Transcribe, exactly and without pictures, the lines below from the line with "What you have" to the line with "Hi everyone. Today", both ends included, and no others.

Supplied material =>
=== Begin Enclosure ===
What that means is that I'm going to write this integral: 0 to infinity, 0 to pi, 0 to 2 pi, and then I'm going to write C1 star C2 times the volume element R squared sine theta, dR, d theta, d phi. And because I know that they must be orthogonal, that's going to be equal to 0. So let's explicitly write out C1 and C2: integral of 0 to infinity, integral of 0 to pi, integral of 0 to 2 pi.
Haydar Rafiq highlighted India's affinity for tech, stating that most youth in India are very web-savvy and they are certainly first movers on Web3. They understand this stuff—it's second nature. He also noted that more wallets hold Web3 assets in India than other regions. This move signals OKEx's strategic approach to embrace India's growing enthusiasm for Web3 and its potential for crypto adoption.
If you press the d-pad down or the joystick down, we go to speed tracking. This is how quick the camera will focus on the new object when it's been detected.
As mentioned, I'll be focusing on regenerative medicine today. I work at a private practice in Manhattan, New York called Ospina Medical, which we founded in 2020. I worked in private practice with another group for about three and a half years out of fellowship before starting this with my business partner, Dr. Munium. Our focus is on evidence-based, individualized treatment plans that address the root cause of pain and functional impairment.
=== End Enclosure ===
=== Begin Enclosure ===
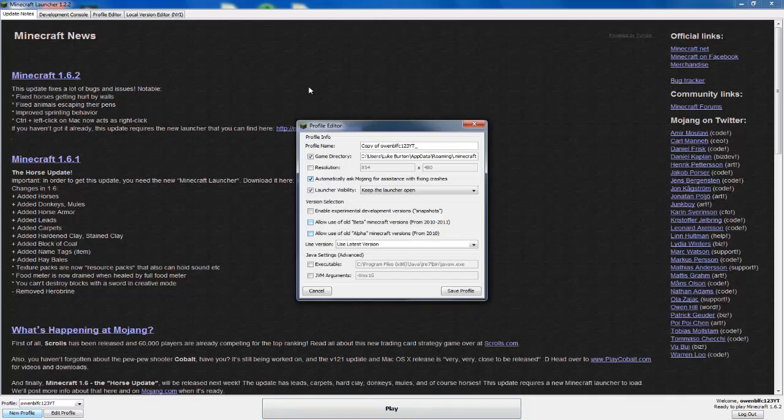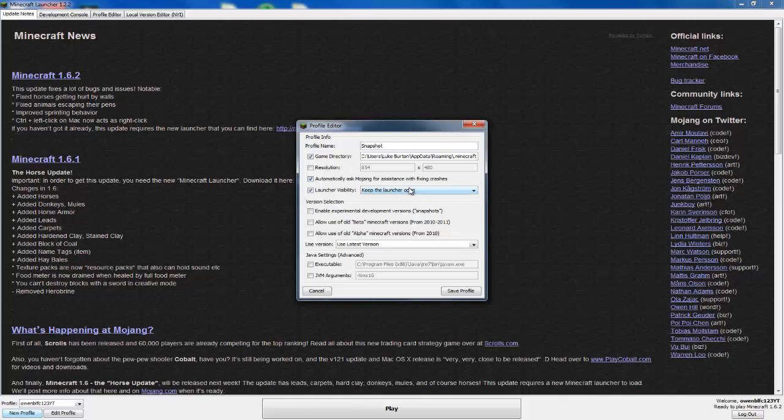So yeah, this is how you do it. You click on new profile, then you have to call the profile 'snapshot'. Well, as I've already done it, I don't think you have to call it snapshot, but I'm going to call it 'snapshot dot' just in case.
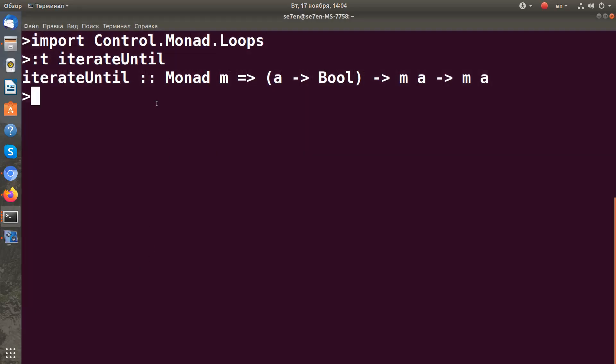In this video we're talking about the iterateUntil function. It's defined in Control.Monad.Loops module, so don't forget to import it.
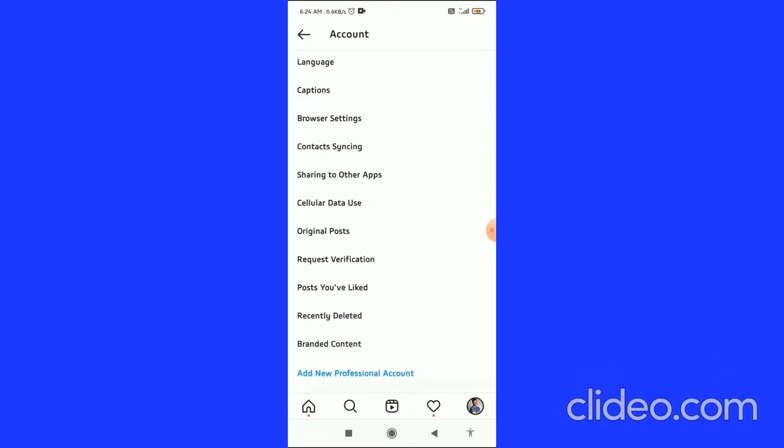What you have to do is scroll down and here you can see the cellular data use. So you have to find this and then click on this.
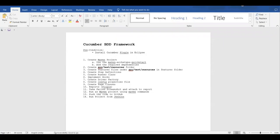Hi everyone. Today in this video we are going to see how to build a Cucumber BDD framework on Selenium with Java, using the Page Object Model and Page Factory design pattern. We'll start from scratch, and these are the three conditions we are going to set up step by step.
=== End Enclosure ===
Written solution =>
What you have to do is scroll down and here you can see the cellular data use. So you have to find this and then click on this.
Hi everyone. Today in this video we are going to see how to build a Cucumber BDD framework on Selenium with Java, using the Page Object Model and Page Factory design pattern. We'll start from scratch, and these are the three conditions we are going to set up step by step.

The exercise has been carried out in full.